As someone who has been in the public eye since she was in her early twenties and joined the reality series Geordie Shore, Charlotte has dealt with her fair share of internet trolls. But how has it been since she became a parent?
"Do you know what, the only bad experience I had is when I did a video," she admits. "I was putting baby formula into a travel container and I wasn't levelling the scoops because it wasn't for a bottle, it was for just to go in a container. And oh my god, the comments went wild."
"I was in a really fragile state, I'd just had a baby and I think it was three weeks after I give birth. I was dead hormonal and with the baby blues where you're fragile and you're crying at anything. And then I just lost my Nana as well. And then that really affected me because I just kept on thinking 'I'm just doing everything wrong. I'm supposed to be doing everything well.'"
"Obviously, I've had some things since and I just laugh it off. I think it's a really great opportunity for me to become even funnier! Because when people do say something, I do really funny responses. It's a great chance to be able to have a laugh with people. I know how to take care of my baby, I'm not an imbecile and I'm not going to do anything at all in the slightest that is going to cause any harm or danger to her. So that's why I don't really let it bother me, I know that everything that I do with my daughter is absolutely exceptional."

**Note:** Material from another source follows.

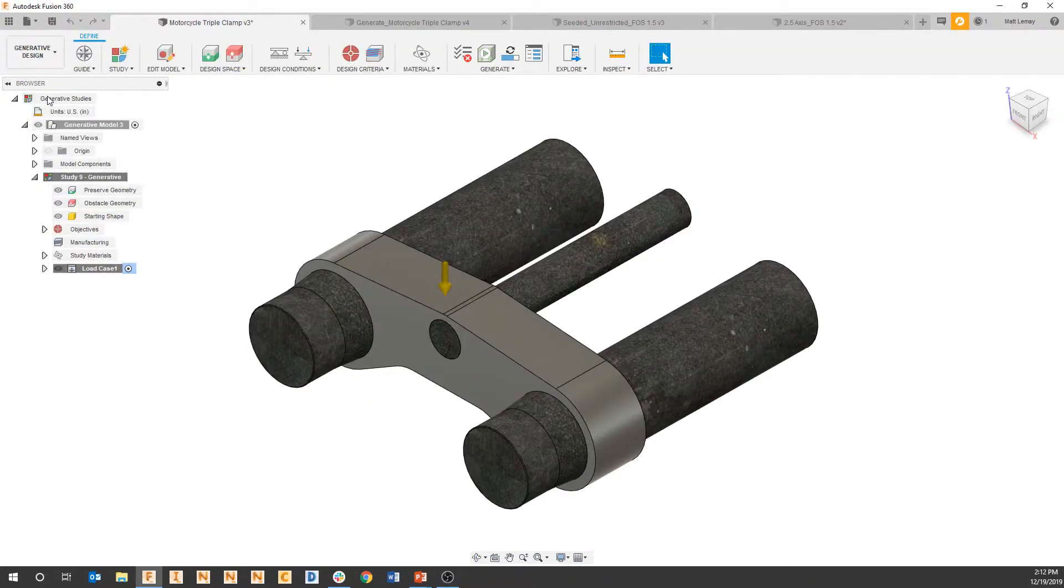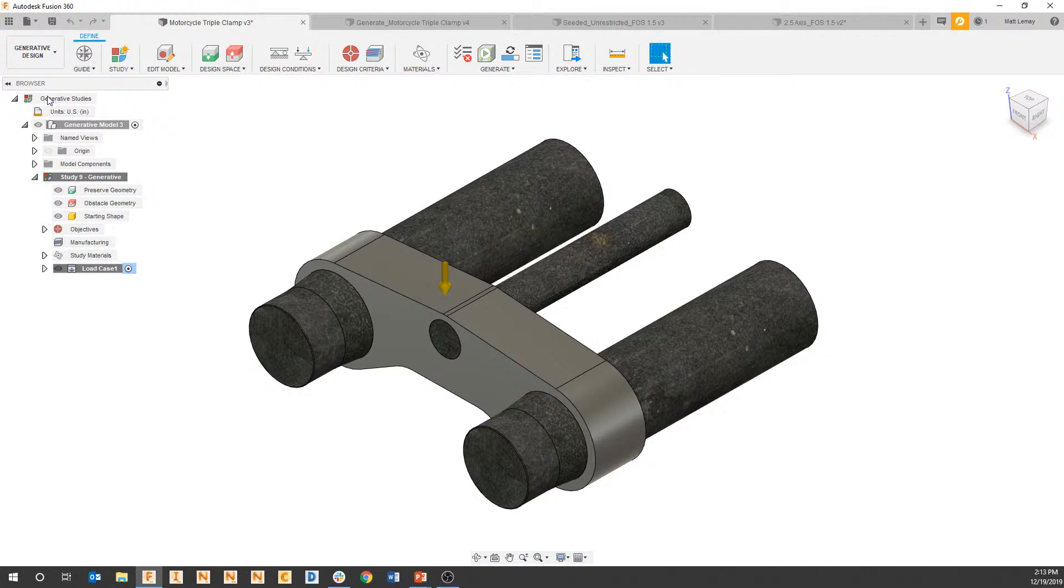As we move over to generative design, you can see the user interface at the top has changed to follow a workflow from left to right to set up a generative solve.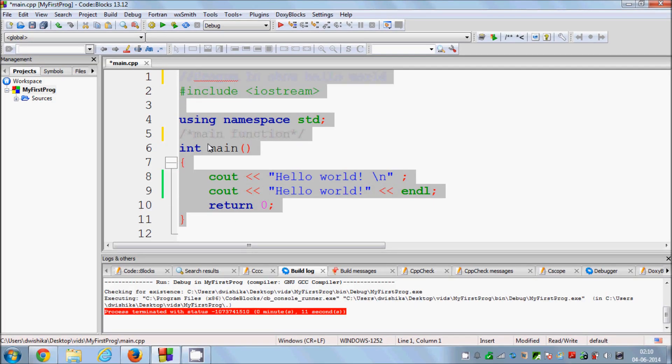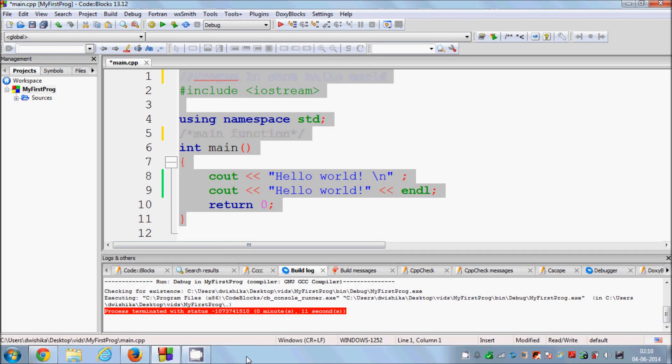I hope you understood the basic functionality and description of this code. In the next video I will show you some more C++ code, so please stay tuned, and please like, comment, and subscribe. Bye for now!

Many mums can relate to the complicated relationship that can come with our bodies pre and post-baby and Charlotte is no different.

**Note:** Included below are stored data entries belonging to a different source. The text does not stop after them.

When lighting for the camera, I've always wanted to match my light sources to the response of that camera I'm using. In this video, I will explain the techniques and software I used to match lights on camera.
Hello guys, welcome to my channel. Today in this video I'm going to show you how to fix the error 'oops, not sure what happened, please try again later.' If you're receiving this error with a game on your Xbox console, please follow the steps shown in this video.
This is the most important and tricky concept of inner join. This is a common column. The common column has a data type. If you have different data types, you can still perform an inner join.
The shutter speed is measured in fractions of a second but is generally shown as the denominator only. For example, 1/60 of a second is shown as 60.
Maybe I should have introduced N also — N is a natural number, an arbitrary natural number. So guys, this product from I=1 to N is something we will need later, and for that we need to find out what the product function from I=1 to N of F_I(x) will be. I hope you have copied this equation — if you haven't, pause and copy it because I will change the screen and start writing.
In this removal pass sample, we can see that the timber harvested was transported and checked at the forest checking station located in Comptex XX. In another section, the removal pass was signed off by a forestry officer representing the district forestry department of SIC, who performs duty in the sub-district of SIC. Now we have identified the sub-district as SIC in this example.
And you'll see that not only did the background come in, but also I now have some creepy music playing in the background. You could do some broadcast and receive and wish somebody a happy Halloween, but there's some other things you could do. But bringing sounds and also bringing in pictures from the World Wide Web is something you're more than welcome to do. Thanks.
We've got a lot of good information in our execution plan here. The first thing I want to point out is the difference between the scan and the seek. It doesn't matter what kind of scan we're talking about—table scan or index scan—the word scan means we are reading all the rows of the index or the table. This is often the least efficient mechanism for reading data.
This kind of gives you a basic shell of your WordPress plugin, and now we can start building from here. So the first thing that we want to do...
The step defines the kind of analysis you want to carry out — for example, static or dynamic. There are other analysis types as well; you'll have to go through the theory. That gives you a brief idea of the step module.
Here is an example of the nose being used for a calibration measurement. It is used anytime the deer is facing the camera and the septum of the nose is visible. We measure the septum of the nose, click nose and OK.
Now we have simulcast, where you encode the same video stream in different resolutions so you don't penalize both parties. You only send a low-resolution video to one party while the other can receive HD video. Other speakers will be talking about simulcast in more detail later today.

"I don't feel like I have a good relationship with my body image. I don't feel like I look bad but just something feels different. Like who I am as a person," Charlotte tells us.
"I'm still quite bloated because of the C-section and my tummy hasn't gone down. But it's not just that. It was my first night out about two and a half months after Alba, I put on an outfit which I would normally wear and I looked at myself in the mirror. And I was like, 'I don't look right in this.' And I couldn't tell you what it was it was."
"I don't know whether it's that I have just had a baby four months ago. And maybe in time, I'll start to feel a bit better body-image-wise, but it's a really big struggle. I think I feel it more because my job is to be on camera. And when you're on camera, obviously you want to try and make yourself look nice. But every time I'm trying to make myself look nice, I'm not feeling nice."
Me, Myself and Mini Me is full of Charlotte's trademark warmth, wit and honesty, covering everything from dry vaginas to poonamis. "I don't really know how to just be anything different, it's not like I'm trying to be honest, I'm just being me," she says.
Charlotte also shares how she and Jake would love more children together in the future. "Well, I can't do anything because you're not meant to have another baby within six months when you've had a C-section. So right now, it's not medically possible. But who knows?" She pauses, counting the months in her head. "I just thought, it could be soon. It could! Maybe I could have another baby next year!"
Me, Myself and Mini Me is published by Headline and available to buy now.